順著半拉遮掩住的窗戶擠出了一點微光,我看著擺放在雜亂的桌面上方手機屏幕閃爍的亮光,才能夠從這個黑暗又寧靜的房間里找到些起床的動力,好讓自己恢復清醒。
這個除夕的早晨,我過得特別的安靜。
是一種莫名其妙的安靜
這樣的感覺與以往不同,好似除夕對于成年人而言,就只不過是一個平淡無常的休息日。
難得的休息日
我粗略的看了一眼手機上的信息,與一年前相比,少了鐘意的信息轟炸,也少了孫蕾的喧鬧。
早飯的時候,聽到孫姨的表達,大概明白孫蕾今年并不會來南寧過年了。她的語氣里聽不出任何的情緒波動,只是平平淡淡的講,我安安靜靜的聽著
也許在孫姨的心里,這算是一件平常的事情,但只有我明白孫蕾不回來過年的原因,是歉疚
也因為歉疚,我沒有繼續呆在房子里,嘗試出門走走
可當我準備離開的時候,忙碌許久的孫姨卻在此刻停下了腳步,喊住了我,從一個不起眼的角落里,拿出了一張請帖,對我說道:“這是前段時間別人送來的,老程他本來想丟掉,被我攔下了,我也沒有別的意思,只是覺得這東西,還是你自己處理會妥當些,就給你收著了。”
我打開請帖,看著上面寫著蔣羽的名字,再下意識的看向原先堆積的貨架,明白了程浩和孫姨對待這件事情的看法。

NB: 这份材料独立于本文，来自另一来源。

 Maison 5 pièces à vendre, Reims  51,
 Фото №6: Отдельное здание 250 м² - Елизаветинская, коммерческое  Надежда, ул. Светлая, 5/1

我并沒有說話,只是用力的握著請帖邊角,感受著那段記憶的泯滅
我向孫姨輕輕地點了點頭,便轉身走出了老房子。
我靠在外院的磚墻,感受著冬天下凜冽的空氣。我低著頭,看著這張請帖,內心中下了某種決定,但自己并不想將這份感情輕飄飄的放下,或許我該為它找一份轟烈一點的結局。
在這個除夕里,總會有兩群人是沒辦法同感的:一個是向往成年人的年輕人;一個是向往年輕人的成年人;
成年人的安靜與歡鬧的年輕人總會形成明顯卻又不突兀的對比,或許是穩重的字樣權衡了這樣的局面,又或許是童真彌補了安靜...讓我們在平靜的休息日里卻總能分清與以往的區別
可能是我太過于深思,也可能是被雜物壓積過后染了老房子的油煙,粘住了我的思緒,以致于我都沒有看見緩然走到身邊的程余。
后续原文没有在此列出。